Me sonrió mientras se colocaba bien el pañuelo azul que llevaba anudado al cuello y, a la vez, me dijo con una gran sonrisa:

—Que tenga un buen día, detective. ¡Qué elegante va usted hoy!

¡Por todas las nueces! ¡Recórcholis! La señorita Pepperland se había dado cuenta de que yo estrenaba traje y ¡le parecía elegante! No podía estar más contento. Realmente estaba siendo una mañana fantástica.

2 LA COMISARÍA

Llegué a mi destino. La comisaría más bonita del mundo. Un agente me abrió la puerta y me saludó llevándose la mano a la gorra y diciendo: —Bonito traje, detective.

Sonreí mientras me abrochaba la americana y me colocaba bien la pajarita. Los mapaches somos un pelín presumidos, ¿sabes? Nos encanta que se den cuenta de lo guapos que vamos.

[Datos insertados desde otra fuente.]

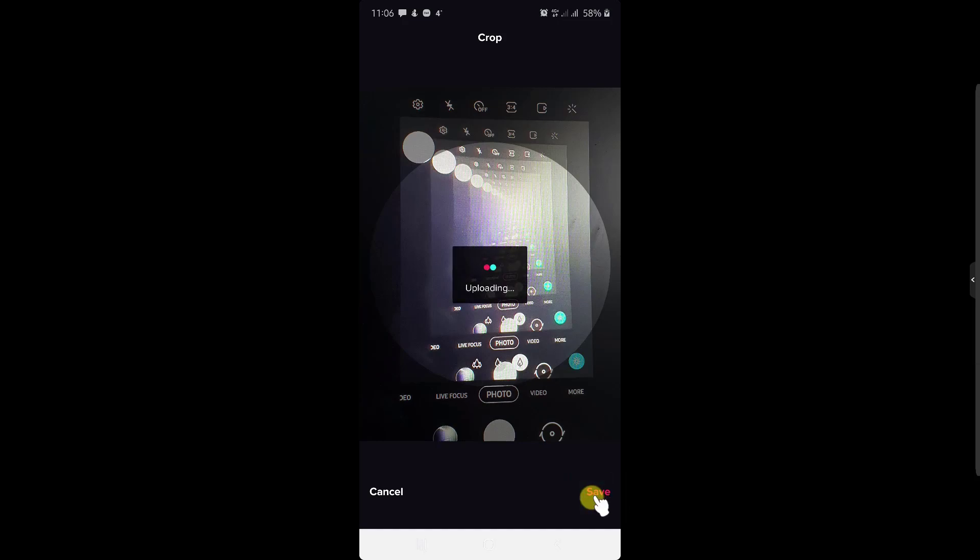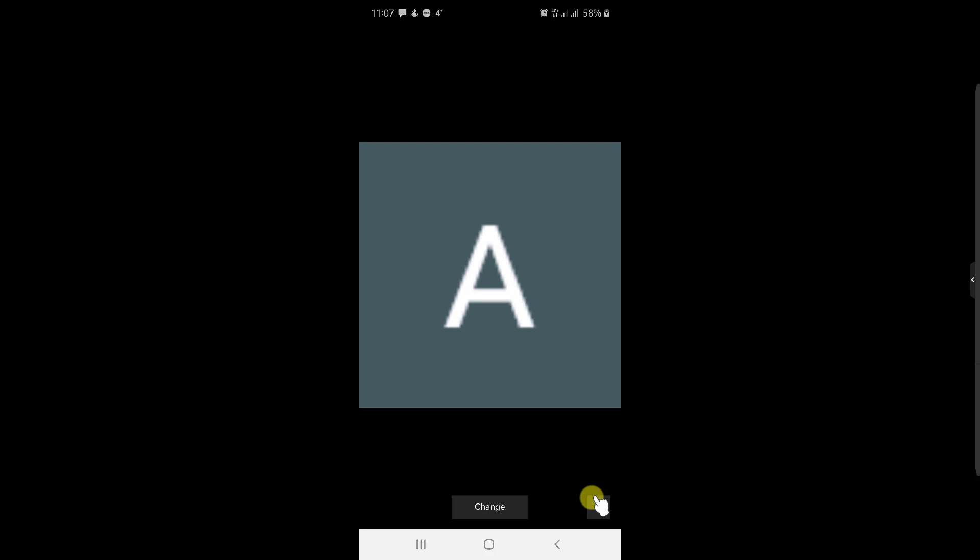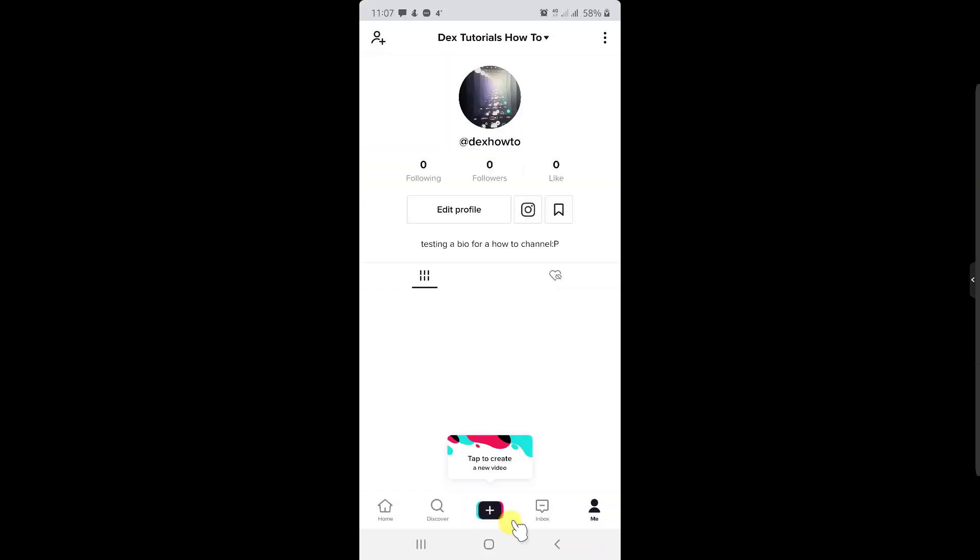Please note that sometimes it takes a few seconds for the image to appear. So just wait a bit and check again in a few minutes. Now you have changed your profile picture.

Llegué a mi despacho, abrí la puerta y pude ver que Mac, mi gran amigo y compañero, aún no había llegado. Nuestras mesas estaban colocadas la una frente a la otra junto a un gran ventanal por el que entraba muchísima luz. Los dos teníamos sobre la

mesa una lamparita de trabajo y un ordenador que encendí.

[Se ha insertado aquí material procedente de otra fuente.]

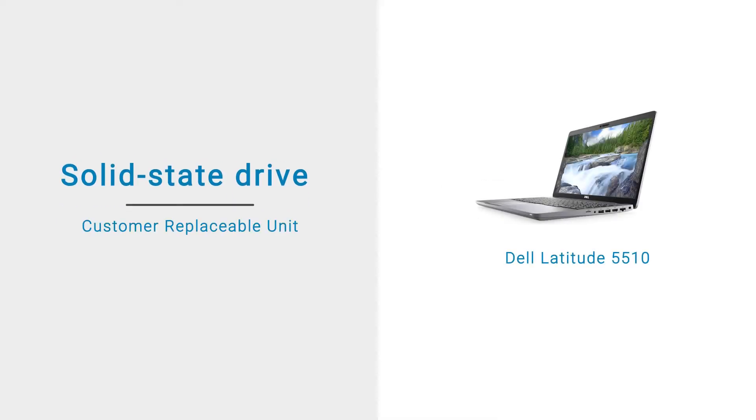In this video, we will demonstrate how to remove and install the Solid State Drive, or SSD.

Escuché entonces el chasquido del picaporte y me giré. La puerta se abrió. Los bigotes más sonrientes que existen asomaron y dijeron:

—¡Uy!, ¡qué elegancia!

Ahí estaba. Había llegado Mac. Único y «notas» como él solo. Con su traje de cuadros y su cola anillada marrón. Su tupé engominado y sus gafas de sol.

Chocamos los cinco. Primero con la palma de la garra, después con el puño, luego dimos una vuelta sobre nuestros talones y chocamos las colas. Ese era nuestro saludo de equipo. El saludo de los Pepepaches. La envidia del Cuerpo.

Nos sentamos cada uno en su escritorio. Me disponía, con poco entusiasmo, la verdad, a abrir mi dosier de papeleo cuando noté que dejaba de entrar luz natural por la ventana. Parecía que hubiese anochecido de repente.

El silencio lo invadió todo. Un escalofrío me recorrió de punta a punta. Como una descarga eléctrica. Desde la cola hasta el bigote. Miré a Mac. Estaba tan pálido que se le habían borrado incluso las anillas de la cola. Se apagaron también las luces y los ordenadores. Durante unos segundos todo fue oscuridad total. Oscuridad y silencio.

Las luces de emergencia se activaron y al hacerlo pude ver a través del cristal del despacho cómo en la comisaría todos permanecían inmóviles.

Ese silencio se me hizo eterno. Nos mirábamos los unos a los otros, pero nadie decía nada.

Cinco minutos después, la oscuridad, tal como vino, se fue. Y en cuanto volvió a brillar el sol y el suministro eléctrico se repuso, el silencio sepulcral dio paso a suaves murmullos que enseguida se convirtieron en voces que después fueron gritos. El caos había llegado a la ciudad.

La comisaría empezó a llenarse de mapaches que correteaban de aquí para allá gritando asustados y haciendo aspavientos con las manos. Los teléfonos de la central parecía que iban a estallar de lo fuerte que sonaban. Los agentes no daban abasto. Todos empezaron a correr en todas direcciones y los coches de patrulla salieron rumbo a múltiples destinos con sus sirenas a todo volumen.

Una voz sobresalió de entre las demás o, al menos, yo fui capaz de distinguir lo que decía:

—¡Socorro!, ¡los niños!, ¡el museo!

Di un brinco.

—¡Mac! —grité—. ¡Nos vamos al museo ahora mismo!